9:18 - Only he shall inhabit God's places of worship who believes in God and the Last Day, and performs the prayer, and pays the alms, and fears none but God alone; it may be that those will be among the guided.
Personally, I think Muslims are very lucky that the Israelis don't simply take over al-Aqsa mosque and convert it into a synagogue, as the Koran records the Muslims doing to Pagan Arabia's greatest house of worship.
Needless to say, I'm sure there wouldn't be any Muslims to condemn such actions of the Israelis as we have seen Muslims on this forum condone similar actions of the Muslims during Muhammad's time as described above.
Palestinians have clashed with Israeli police in two areas of occupied East Jerusalem after Palestinian groups called for a "day of rage" over the reopening of a synagogue in the Old City.
Palestinians threw stones at Israeli police who responded with stun grenades in the Shuafat and Essawiyya neighbourhoods early on Tuesday.
About 3,000 police officers had been deployed in east Jerusalem and nearby villages after Hamas called for action in response to the reopening of the Hurva synagogue.
The Hurva synagogue, considered by some people to to be one of Judaism's most sacred sites, reopened for the first time in 62 years on Monday in the Jewish quarter of Jerusalem's Old City.
The walled Old City is at the heart of the Israeli-Palestinian conflict, which makes the reopening of the synagogue controversial.
Moreover, al-Aqsa, Islam's third holiest site, and the Hurva are about just 700 metres apart.
Hamas warning
The previous day, Khaled Meshaal, Hamas' political chief who is exiled in Syria, strongly condemned the ceremony.
"We warn against this action by the Zionist enemy to rebuild and dedicate the Hurva synagogue. It signifies the destruction of the al-Aqsa mosque and the building of the temple," he said at a meeting of Palestinian groups' leaders in Damscus on Monday.
He urged Palestinians in Jerusalem to "take serious measures to protect al-Aqsa mosque from destruction and Judaisation".

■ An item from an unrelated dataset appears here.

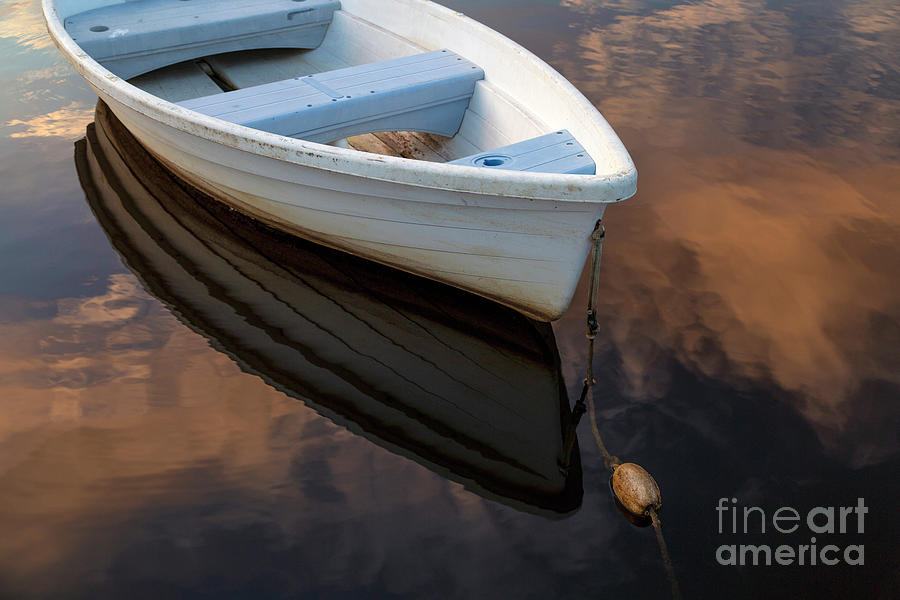 Dinghy at Sunset Photograph by Karin Pinkham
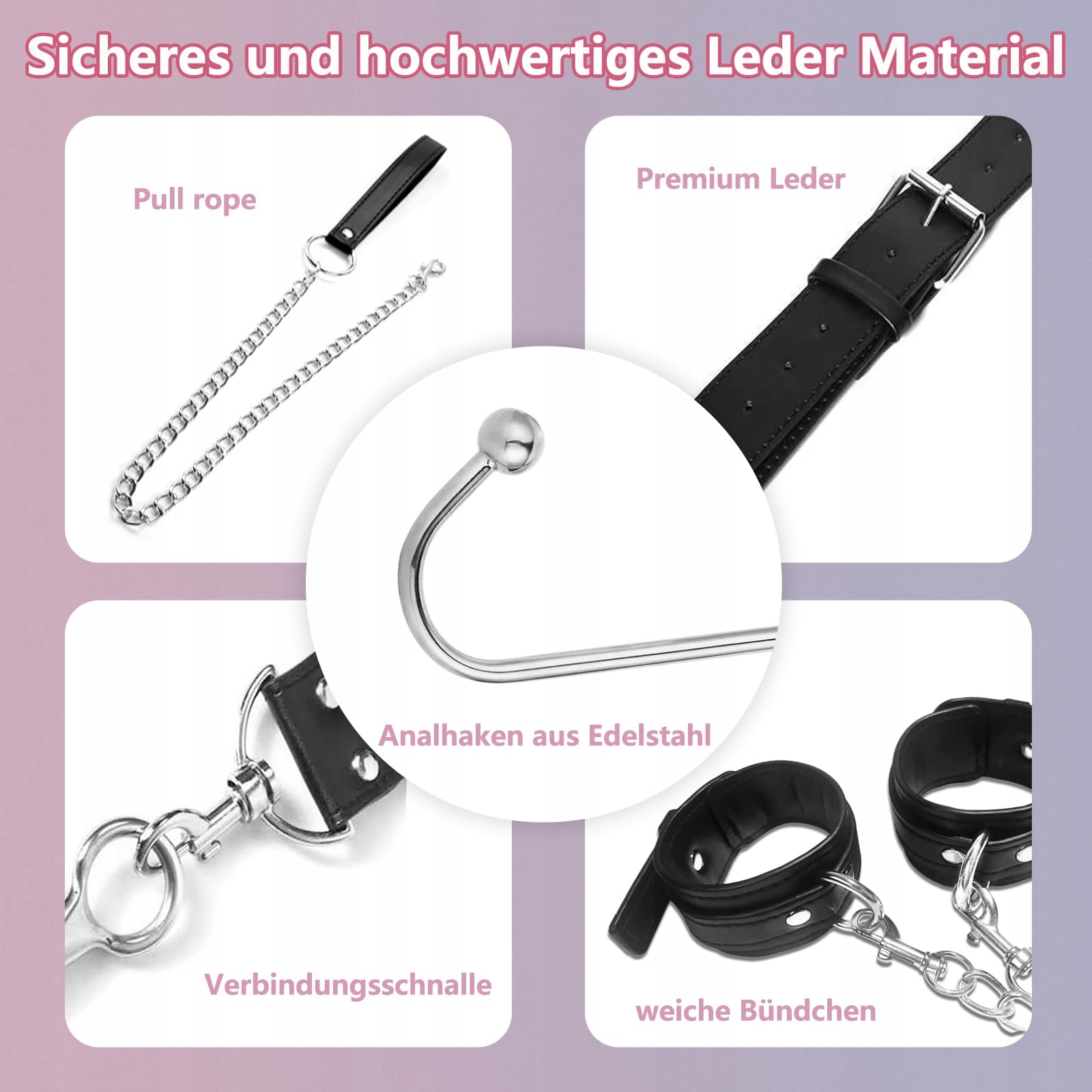 BDSM Zestaw Bondage Z Hakami Analnymi Kajdanki I Obroża Fetysz SM — miniatura 4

The Hurva synagogue, first built in 1694, was destroyed in 1721 and then demolished during the 1948 Arab-Israeli war.
The nearby al-Aqsa site is revered by Muslims as al-Haram al-Sharif (the Noble Sanctuary), comprising al-Aqsa mosque and the Dome of the Rock. It is known to Jews as the Temple Mount.
An Israeli government decision to include two West Bank religious sites in a Jewish national heritage plan has already angered Palestinians and raised tensions in recent weeks.